William M. Barnes, Schnader, Harrison, Segal & Lewis, Paul C. Madden, James D. Crawford, James J. Leyden, Philadelphia, for appellants; Edward Davis, Philadelphia, of counsel.

William J. Toy, Philadelphia, for appellee.

Jones, C. J., and Eagen, O'Brien, Roberts, Pomeroy, Nix and Manderino, JJ. Nix and Manderino, JJ., dissent.

Author: Eagen

[ 460 Pa. Page 413]


This is an appeal from a final decree in equity granting the appellee, Michael Blofsen, pension benefits from the Teamsters Pension Trust Fund of Philadelphia and Vicinity [Pension Fund].*fn1

On September 17, 1965, Blofsen, age 63 and a member of the Teamsters Union since 1938, submitted an application for normal retirement pension benefits. In this application, Blofsen indicated he worked for the American Ice Company [American] from 1923 to 1955, and for the Terminal Ice Company [Terminal] from 1955 to the date of the application. The Pension Fund Trustees [Trustees]*fn2 rejected the application stating Blofsen was

[ 460 Pa. Page 414]

    ineligible for benefits because his employment with Terminal was not as an employee, but as an employer. Blofsen then instituted this action in equity seeking all benefits due him from the Pension Fund, and an evidentiary hearing followed. The chancellor, while holding that Blofsen failed to meet the eligibility requirements established by the Trustees, nevertheless entered a decree nisi granting the requested relief. The chancellor ruled the Trustees, having accepted contributions to the Pension Fund made on behalf of Blofsen, were estopped from invoking the eligibility requirements. Exceptions thereto were later dismissed by a court en banc, and the decree nisi was made a final decree. This appeal was then filed.

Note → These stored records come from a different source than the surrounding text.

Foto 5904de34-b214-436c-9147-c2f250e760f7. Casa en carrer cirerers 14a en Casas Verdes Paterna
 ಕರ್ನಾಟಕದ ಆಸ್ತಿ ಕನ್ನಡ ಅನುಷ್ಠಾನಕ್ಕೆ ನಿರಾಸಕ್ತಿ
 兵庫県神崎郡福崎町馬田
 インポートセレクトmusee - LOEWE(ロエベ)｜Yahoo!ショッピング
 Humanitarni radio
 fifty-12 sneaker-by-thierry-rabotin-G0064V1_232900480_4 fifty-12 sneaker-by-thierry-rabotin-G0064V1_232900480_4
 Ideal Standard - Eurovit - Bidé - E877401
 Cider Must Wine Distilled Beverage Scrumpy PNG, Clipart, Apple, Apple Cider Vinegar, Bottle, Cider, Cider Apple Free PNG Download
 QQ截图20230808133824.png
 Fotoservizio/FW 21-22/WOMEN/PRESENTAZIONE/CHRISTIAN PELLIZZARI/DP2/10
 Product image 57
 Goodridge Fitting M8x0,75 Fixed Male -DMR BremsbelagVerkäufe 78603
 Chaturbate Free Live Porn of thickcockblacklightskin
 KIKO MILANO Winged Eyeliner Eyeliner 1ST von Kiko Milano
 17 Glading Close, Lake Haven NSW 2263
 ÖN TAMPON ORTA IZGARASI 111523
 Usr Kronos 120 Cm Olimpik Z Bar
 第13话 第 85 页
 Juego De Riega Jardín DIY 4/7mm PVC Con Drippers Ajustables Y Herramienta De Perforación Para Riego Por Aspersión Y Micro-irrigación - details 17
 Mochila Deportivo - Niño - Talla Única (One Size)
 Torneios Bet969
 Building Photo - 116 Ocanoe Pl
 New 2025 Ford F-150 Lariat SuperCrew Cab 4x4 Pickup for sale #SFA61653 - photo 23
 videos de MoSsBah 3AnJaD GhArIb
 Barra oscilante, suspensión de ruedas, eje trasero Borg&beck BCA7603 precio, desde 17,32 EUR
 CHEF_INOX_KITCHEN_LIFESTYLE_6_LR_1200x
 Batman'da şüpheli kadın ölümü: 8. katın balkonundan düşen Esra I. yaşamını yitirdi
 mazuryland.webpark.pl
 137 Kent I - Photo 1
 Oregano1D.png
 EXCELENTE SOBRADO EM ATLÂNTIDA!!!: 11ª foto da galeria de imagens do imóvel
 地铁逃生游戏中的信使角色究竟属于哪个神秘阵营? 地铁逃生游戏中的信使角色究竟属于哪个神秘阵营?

The trial testimony*fn3 established that Blofsen entered the ice delivery industry in 1928 as a truck driver for American. However, by June 26, 1953, Blofsen had clearly lost the status of employee. On that date a certificate was filed with the Prothonotary of Philadelphia County stating that Blofsen and James McCaughan were engaged in the business of hauling and delivering ice under the name of "Terminal Ice Company".*fn4 From that date until June 20, 1963, when a certificate of incorporation was granted to "Terminal Ice Company, Inc.", it is clear from the testimony that Blofsen's status was that of an employer. Blofsen testified he purchased several trucks from American for use in the business. He admitted having several employees on the payroll. Blofsen signed collective bargaining agreements with the union, representing himself as the "employer". And Blofsen's

[ 460 Pa. Page 415]

    earnings were commensurate with employer status. For example, in 1954, the year after Terminal was formed, he earned nearly twice the wages paid the highest paid laborer in the industry, covered by union contract.

In order to be eligible for normal retirement pension benefits, certain preconditions must be met. One such requirement is the completion of "20 years of Continuous Service".*fn5 In computing "Continuous Service", provision is made for including employment engaged in both before and after an individual has become covered by the Pension Plan.*fn6 All employment engaged in prior to an individual becoming covered by the Pension Plan is added to all employment after an individual has become covered, provided the prior employment was pursuant to a collective bargaining agreement to which any union covered by the Pension Plan was a party. However, if a "Break in Service" occurs, the individual loses credit for all work performed prior to the break.

When Blofsen applied for a pension, "Break in Service" was defined as follows:

"(a) After first Covered Day

An Employee shall be considered to have a Break in Service after his first Covered Day if he is not in Covered Employment for a period of 104*fn7 or more consecutive calendar weeks.

[ 460 Pa. Page 416]

"(b) Prior to first Covered Day

An Employee shall be considered to have a Break in Service prior to his first Covered Day if his period of Continuous Employment in the Industry as defined in a Collective Bargaining Agreement or by the Union is broken for a period of 104*fn8 or more consecutive calendar weeks."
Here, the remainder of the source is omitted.